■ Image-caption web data
□ □ □ □ □

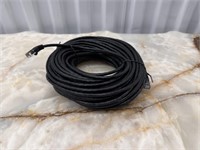 Black ethernet cable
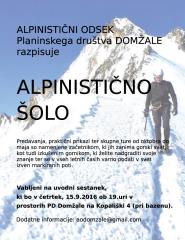 Planinsko društvo Domžale vabi v svoje kroge nove plezalce, planince in alpiniste
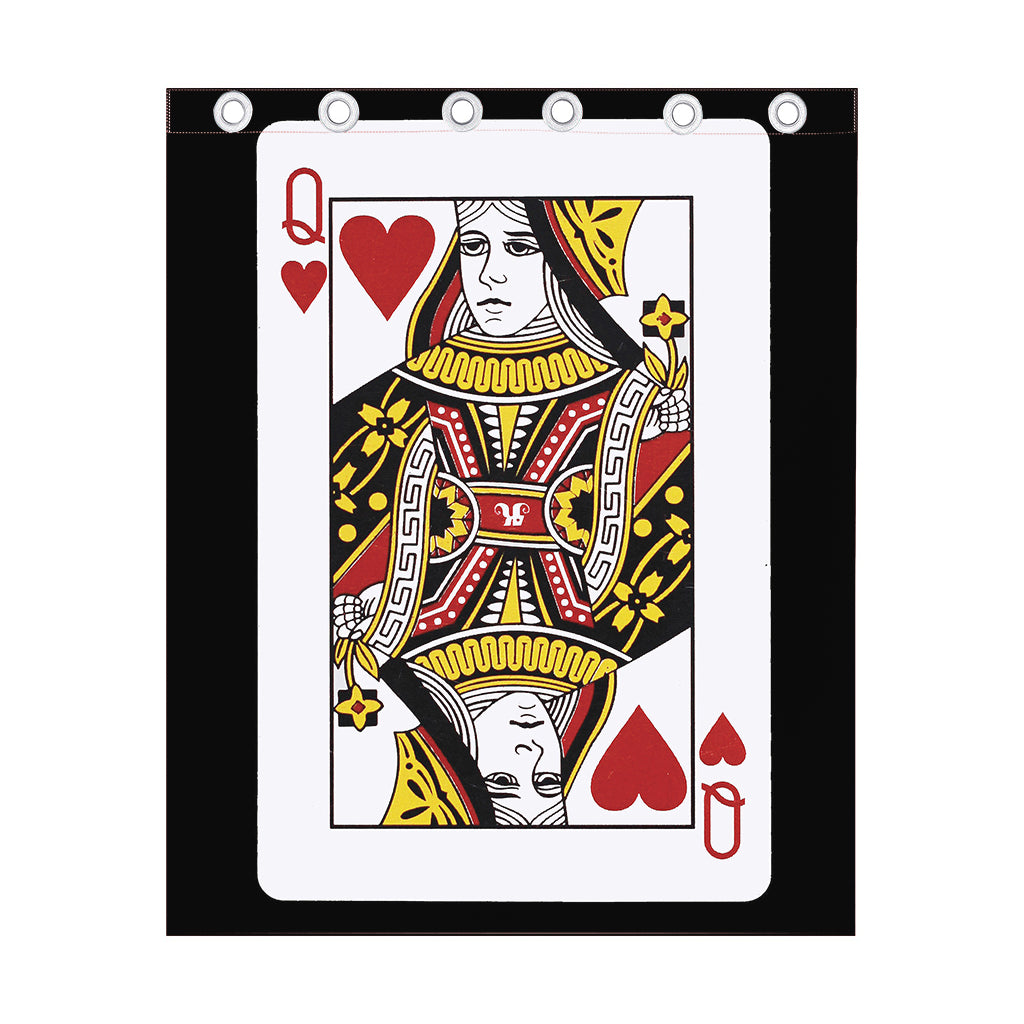 Queen Of Hearts Playing Card Print Curtain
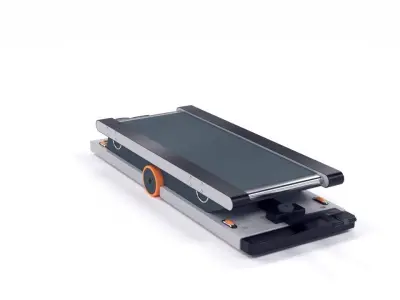 Robot trolleys self drive AVG 3D model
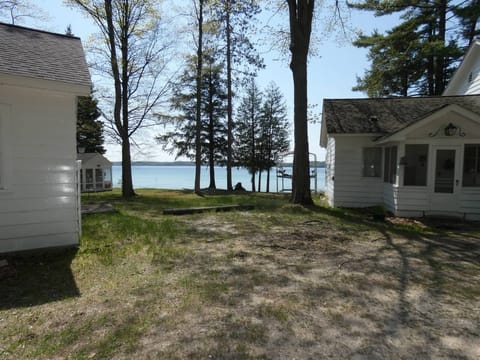 distance between cabin and main house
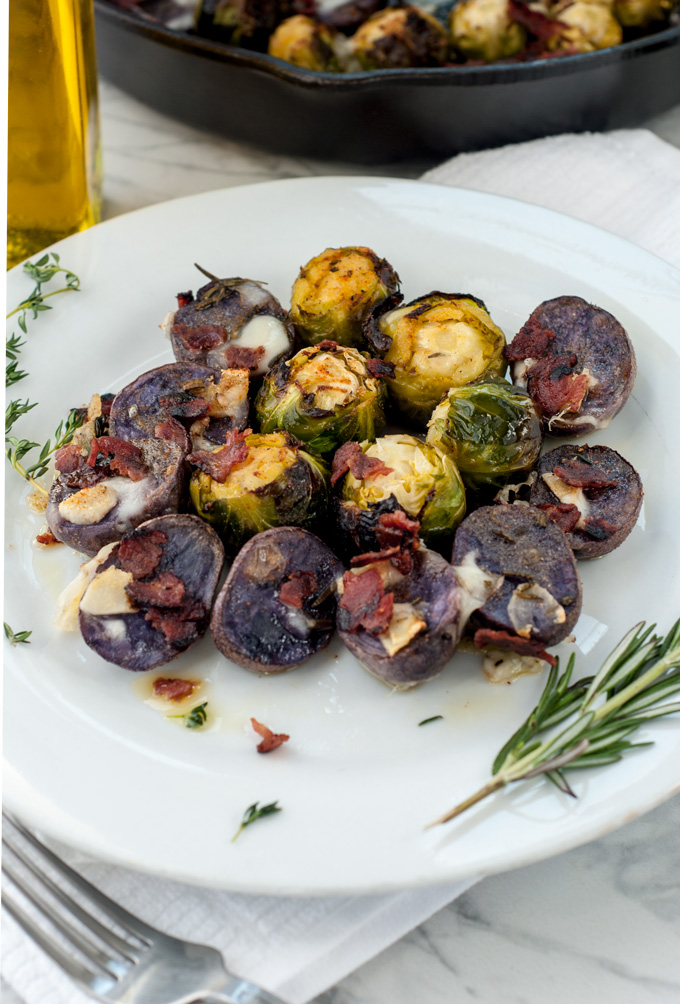 oven roasted Brussel sprouts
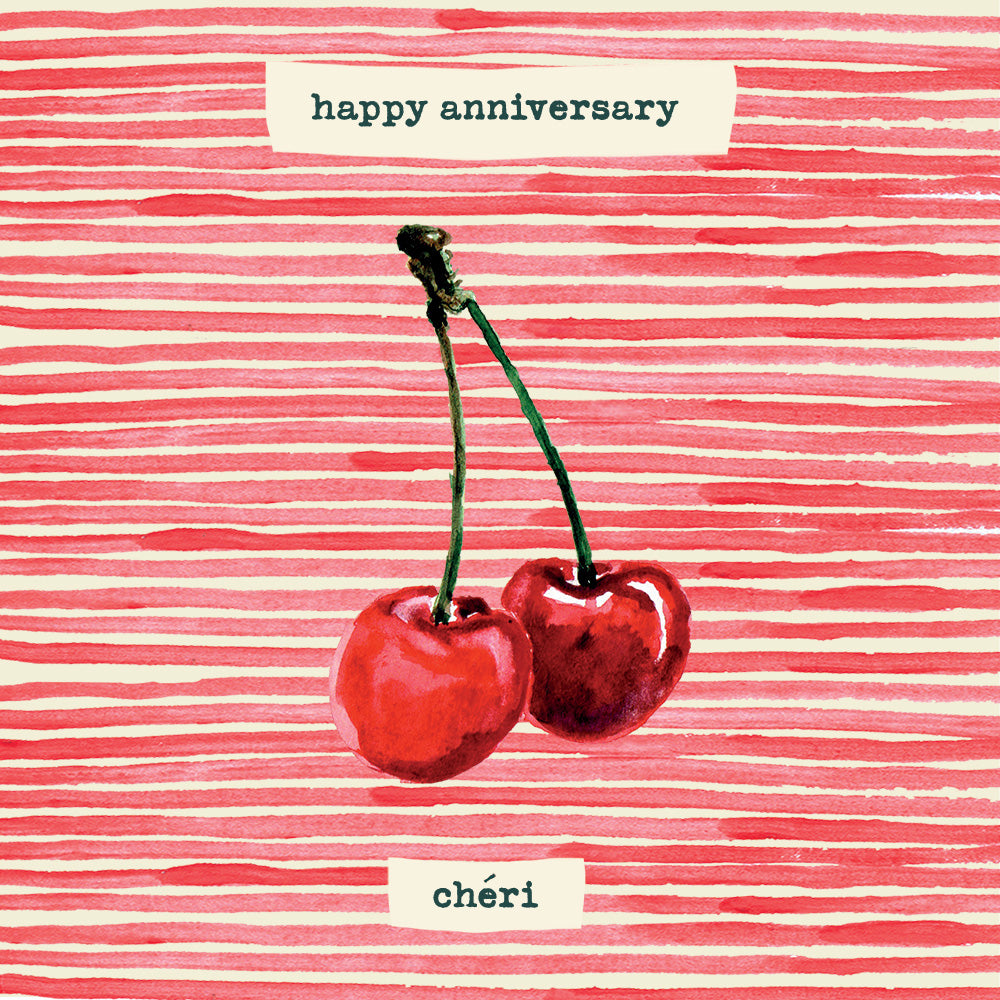
                
                    Load image into Gallery viewer, &amp;#39; Anniversary Chéri &amp;#39; Greetings Card
                
            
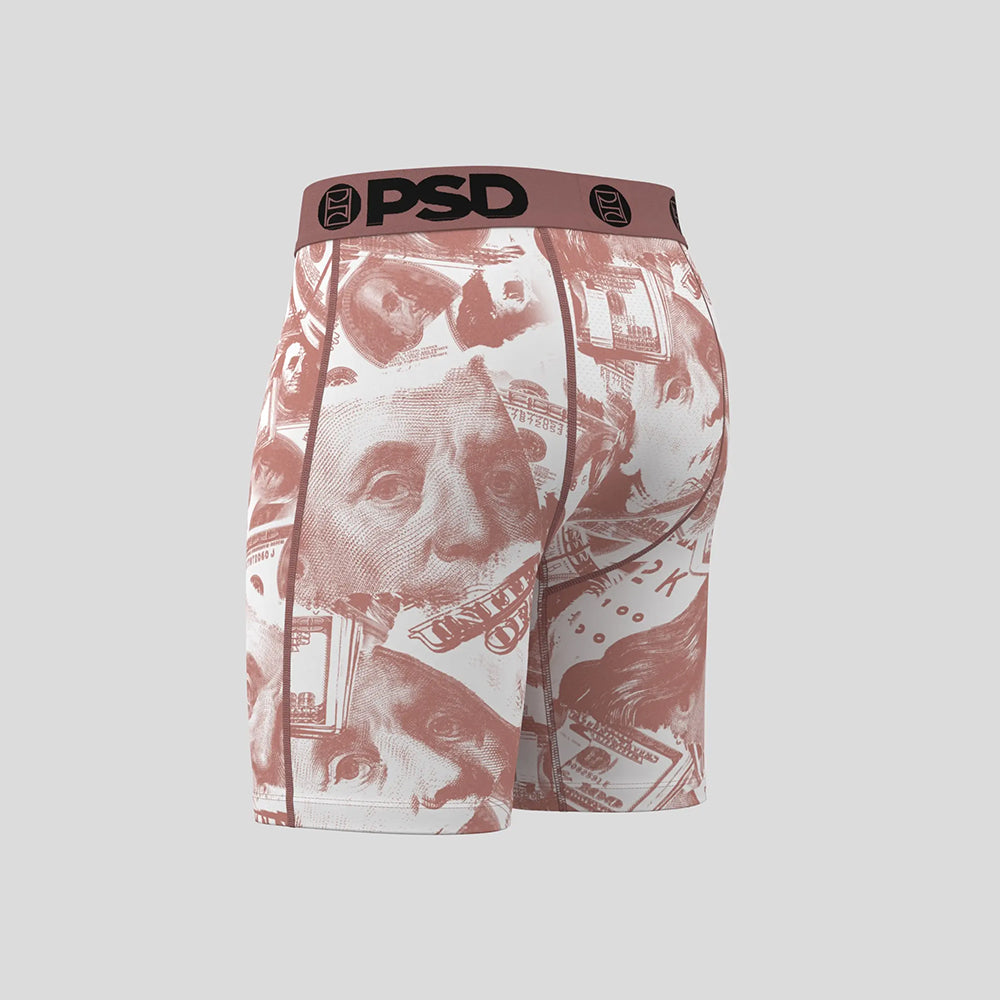 WARFACE- 平口四角褲-拓印中-粉色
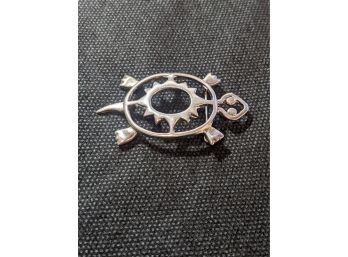 Sterling Turtle Pin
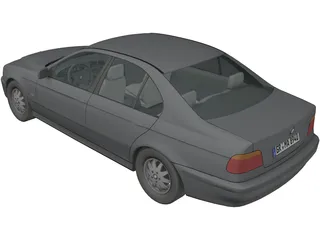 BMW 540i 3D Model preview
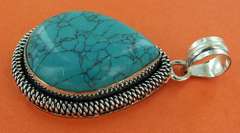 Silver and Natural Stone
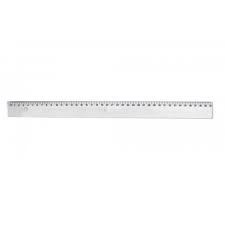 [RULSTEPHEN40] CROXLEY 40CM S/PROOF RULER CLEAR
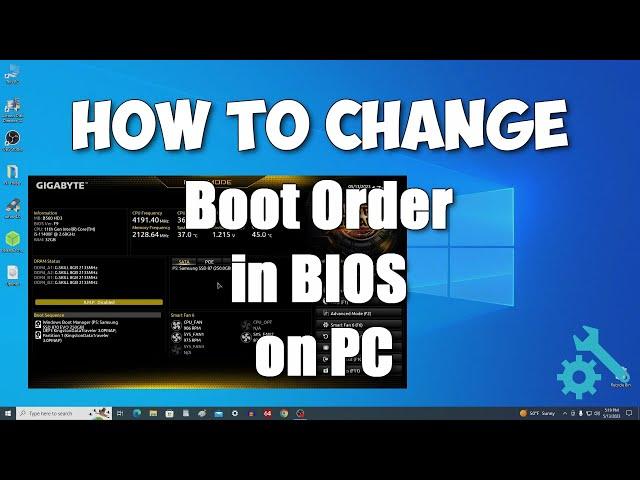  How to Change Boot Order in BIOS(UEFI) on PC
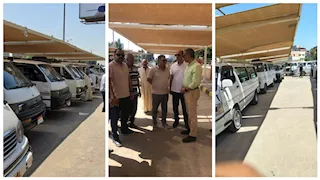 بدء التشغيل التجريبي لموقف الكيت كات الحضاري وتنظيم حركة السرفيس بالجيزة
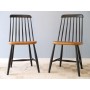 Paire de chaises scandinaves vintage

□ □ □ □ □

■ PROBLEM STATEMENT
Each line above starting at the one holding "distance between cabin and main house" and ending at the one holding "بدء التشغيل التجريبي" should be set down exactly as it stands, both ends included, with no pictures.

■ YOUR SOLUTION
 distance between cabin and main house
 oven roasted Brussel sprouts
                
                    Load image into Gallery viewer, &amp;#39; Anniversary Chéri &amp;#39; Greetings Card
                
            
 WARFACE- 平口四角褲-拓印中-粉色
 Sterling Turtle Pin
 BMW 540i 3D Model preview
 Silver and Natural Stone
 [RULSTEPHEN40] CROXLEY 40CM S/PROOF RULER CLEAR
  How to Change Boot Order in BIOS(UEFI) on PC
 بدء التشغيل التجريبي لموقف الكيت كات الحضاري وتنظيم حركة السرفيس بالجيزة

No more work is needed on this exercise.